(Short web captions)
##############################
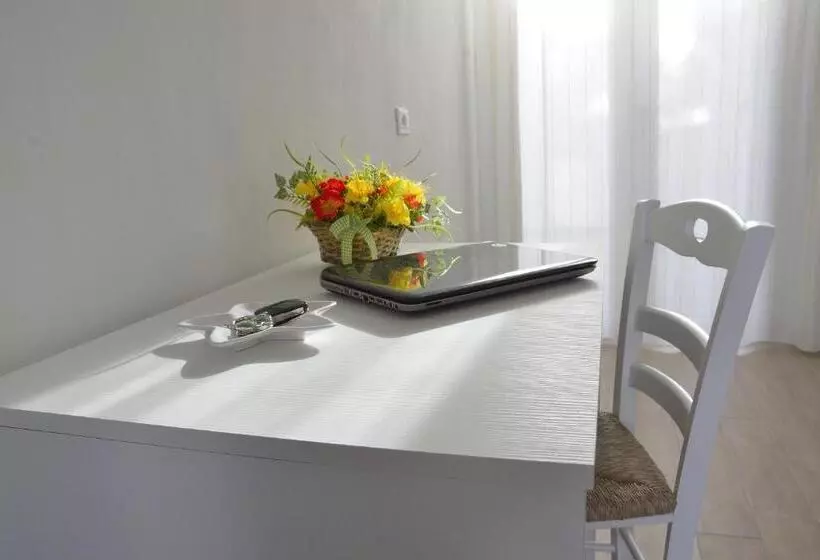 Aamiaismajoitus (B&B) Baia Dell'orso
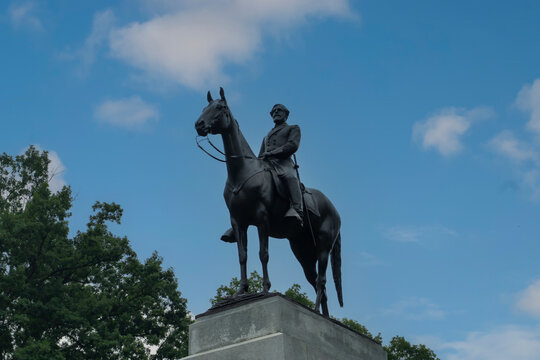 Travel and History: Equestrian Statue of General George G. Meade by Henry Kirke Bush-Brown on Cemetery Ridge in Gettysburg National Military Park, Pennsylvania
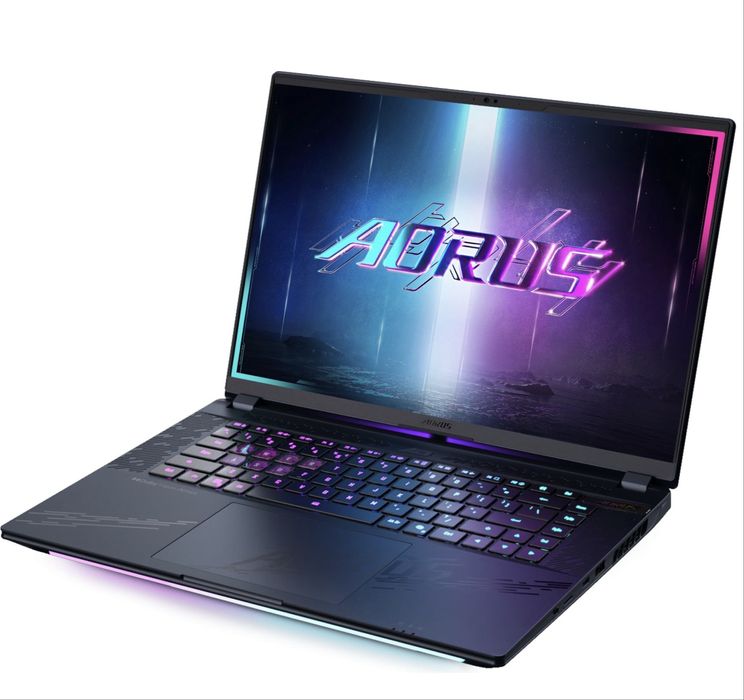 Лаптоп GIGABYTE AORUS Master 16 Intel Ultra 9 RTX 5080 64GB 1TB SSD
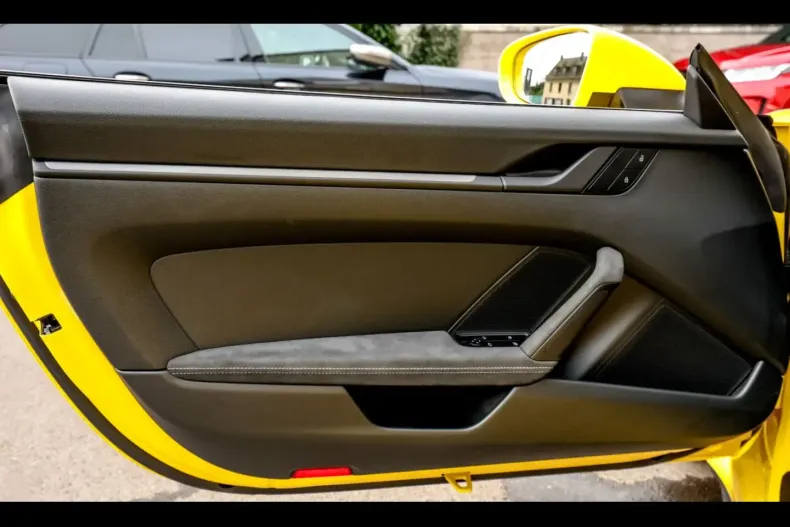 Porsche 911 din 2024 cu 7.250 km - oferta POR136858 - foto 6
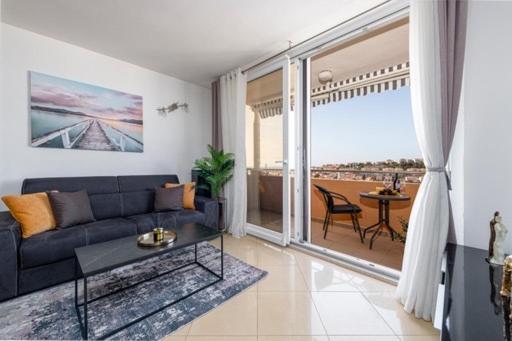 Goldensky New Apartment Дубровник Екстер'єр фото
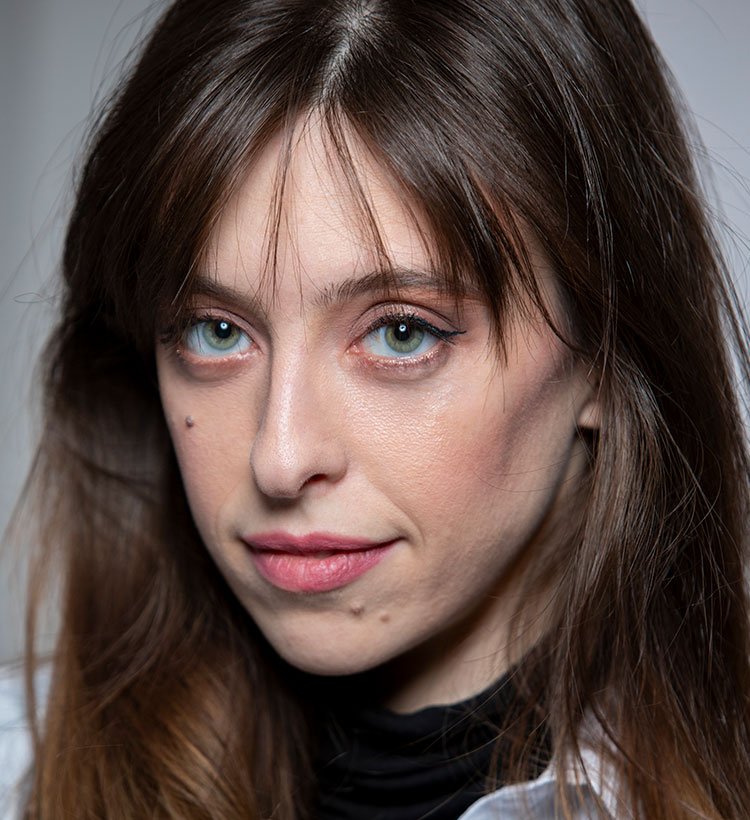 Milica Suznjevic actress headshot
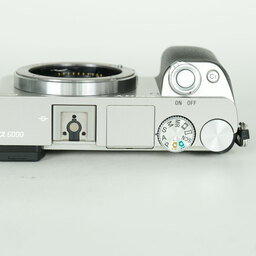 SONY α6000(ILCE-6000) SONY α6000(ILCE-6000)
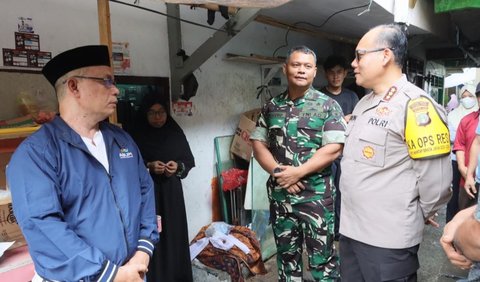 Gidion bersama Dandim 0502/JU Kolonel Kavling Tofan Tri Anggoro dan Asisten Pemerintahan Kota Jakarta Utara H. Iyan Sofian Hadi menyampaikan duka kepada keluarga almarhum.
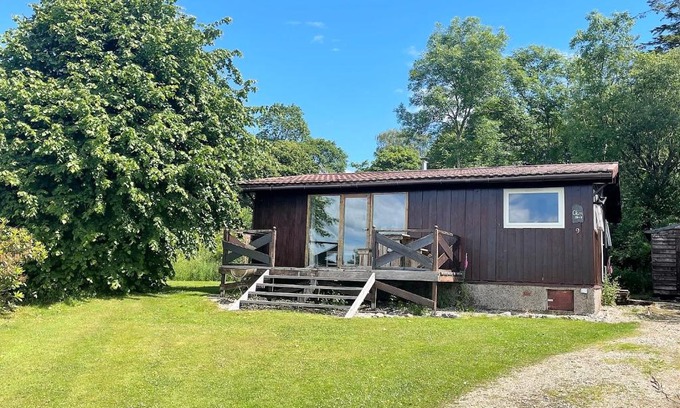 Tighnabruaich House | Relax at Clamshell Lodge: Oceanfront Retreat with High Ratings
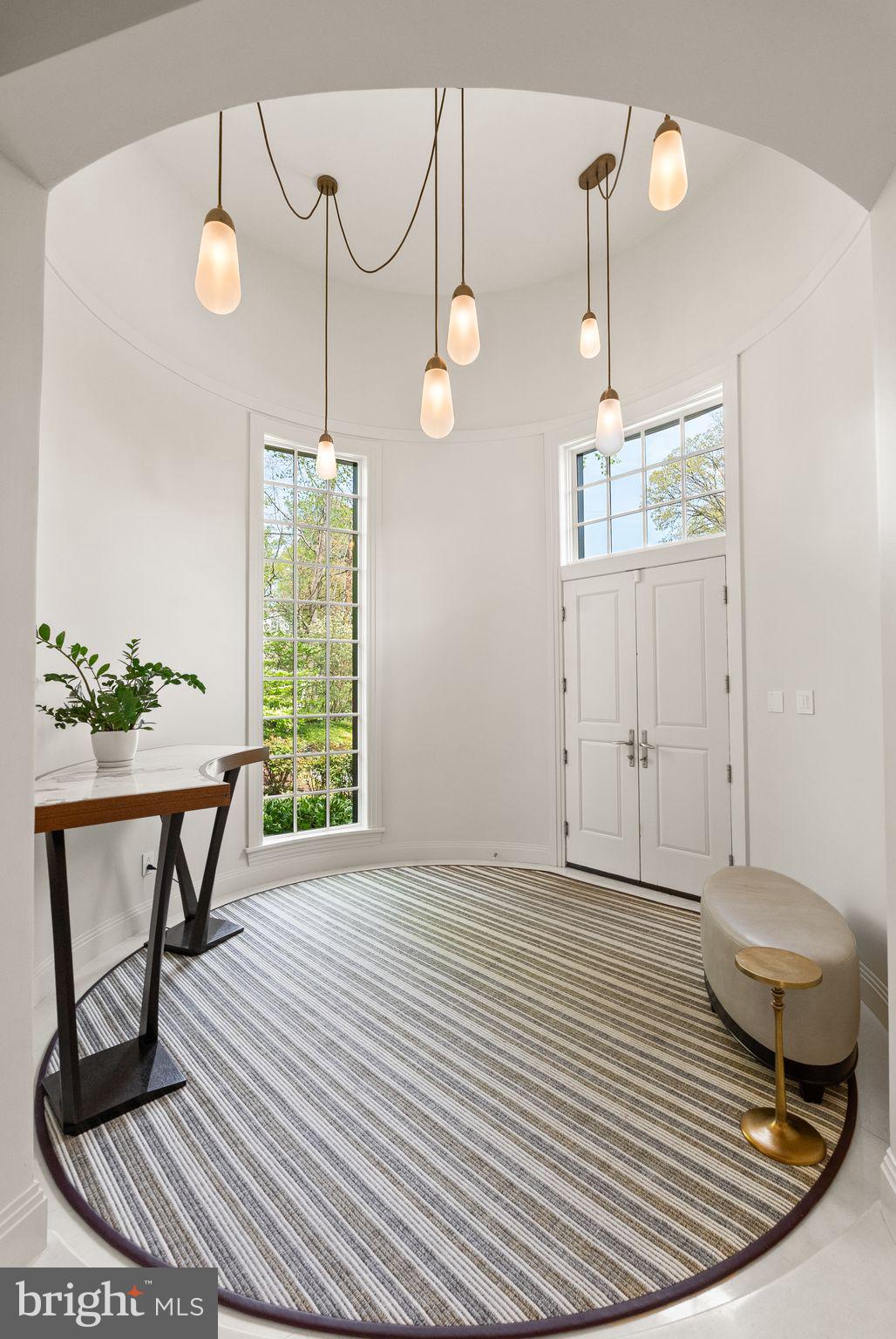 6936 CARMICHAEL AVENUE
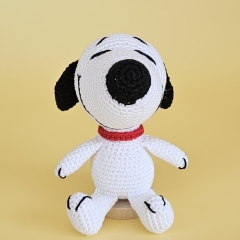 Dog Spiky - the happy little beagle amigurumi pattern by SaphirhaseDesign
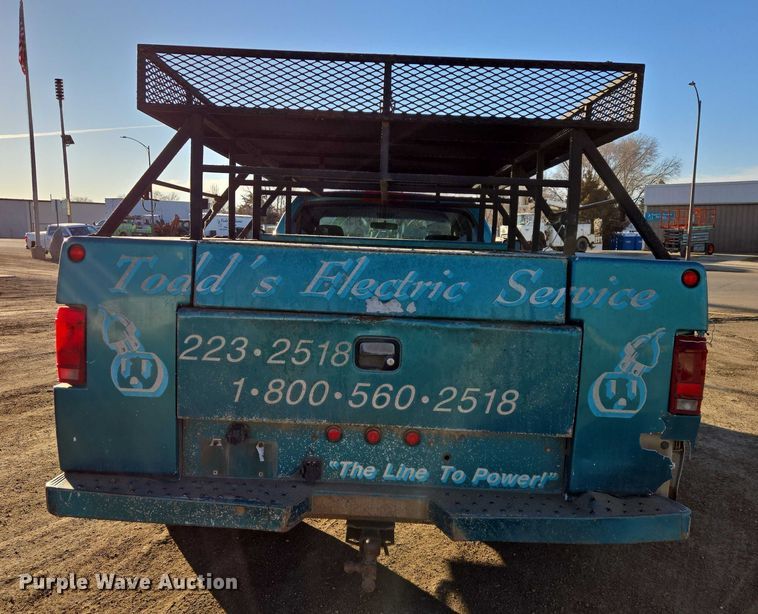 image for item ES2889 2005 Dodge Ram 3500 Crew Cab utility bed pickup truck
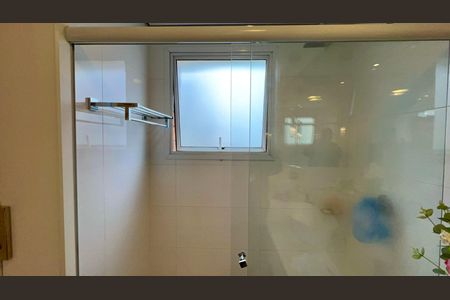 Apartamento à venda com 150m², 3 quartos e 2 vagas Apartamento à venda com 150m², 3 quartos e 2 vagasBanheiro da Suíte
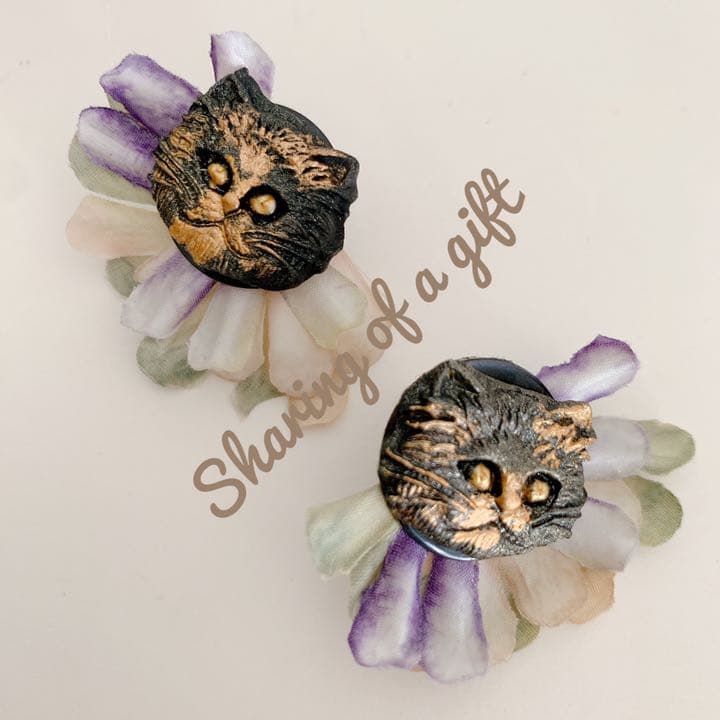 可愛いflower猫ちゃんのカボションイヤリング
##############################
[Description of the task]:
Retype exactly, please, the span from the line holding "Goldensky New Apartment" through the closing line of the data, both ends included, without the pictures.

[Response area]:
 Goldensky New Apartment Дубровник Екстер'єр фото
 Milica Suznjevic actress headshot
 SONY α6000(ILCE-6000) SONY α6000(ILCE-6000)
 Gidion bersama Dandim 0502/JU Kolonel Kavling Tofan Tri Anggoro dan Asisten Pemerintahan Kota Jakarta Utara H. Iyan Sofian Hadi menyampaikan duka kepada keluarga almarhum.
 Tighnabruaich House | Relax at Clamshell Lodge: Oceanfront Retreat with High Ratings
 6936 CARMICHAEL AVENUE
 Dog Spiky - the happy little beagle amigurumi pattern by SaphirhaseDesign
 image for item ES2889 2005 Dodge Ram 3500 Crew Cab utility bed pickup truck
 Apartamento à venda com 150m², 3 quartos e 2 vagas Apartamento à venda com 150m², 3 quartos e 2 vagasBanheiro da Suíte
 可愛いflower猫ちゃんのカボションイヤリング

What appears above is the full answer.